What is being asked: In your reply, print every line of the listing exactly and omit all images.

Data provided below:

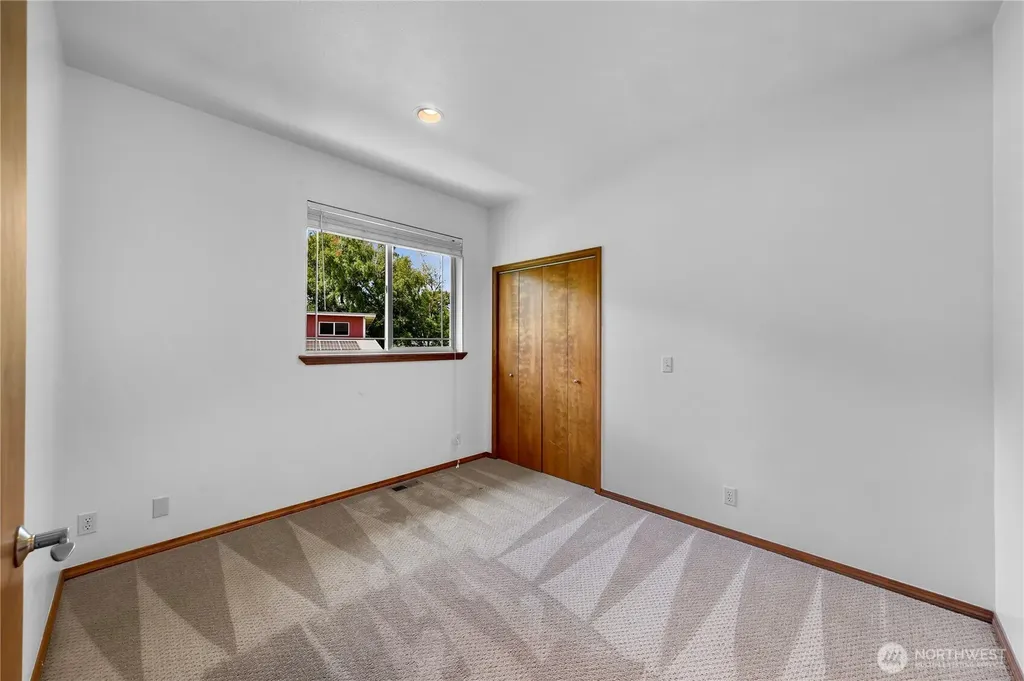 3217 Locust Avenue Bellingham WA 98225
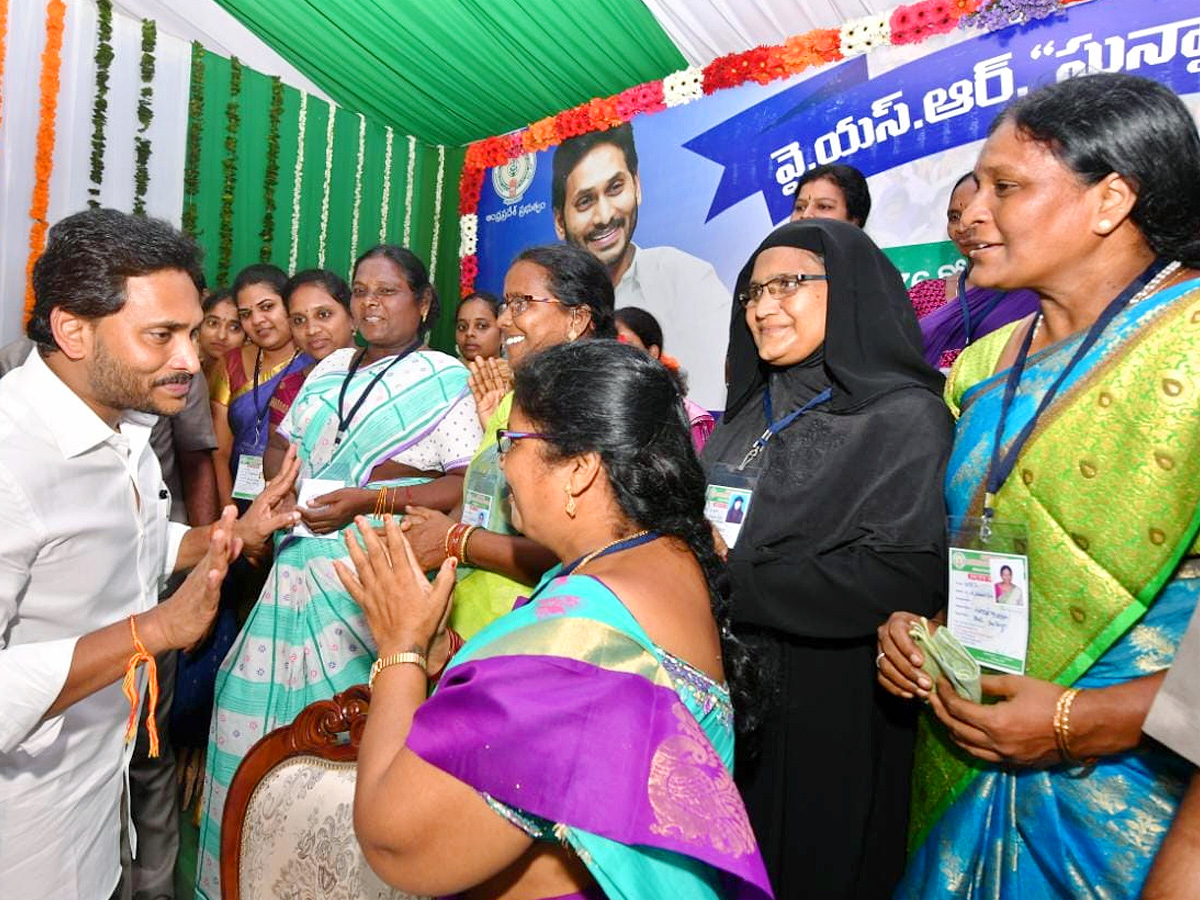 CM_20YS_20Jagan_20Release_20YSR_20Sunna_20Vaddi_20Scheme_20Funds_20At_20Amalapuram_20Photos_12.jpg 21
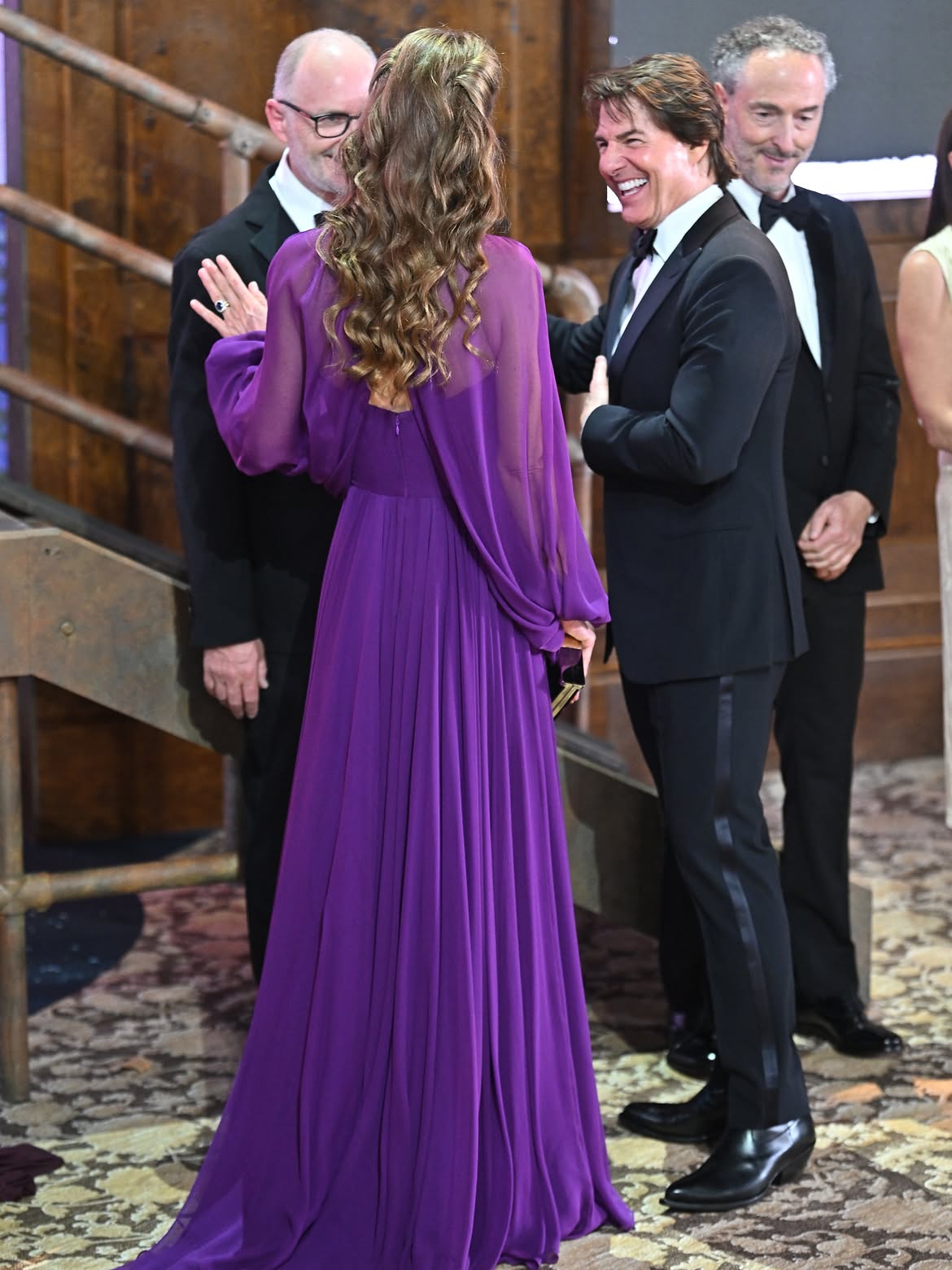 Kate Middleton và Thân vương William bất ngờ hội ngộ nhà Beckham trên thảm đỏ - Ảnh 3.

End of Data provided.

Result of the task:
 3217 Locust Avenue Bellingham WA 98225
 CM_20YS_20Jagan_20Release_20YSR_20Sunna_20Vaddi_20Scheme_20Funds_20At_20Amalapuram_20Photos_12.jpg 21
 Kate Middleton và Thân vương William bất ngờ hội ngộ nhà Beckham trên thảm đỏ - Ảnh 3.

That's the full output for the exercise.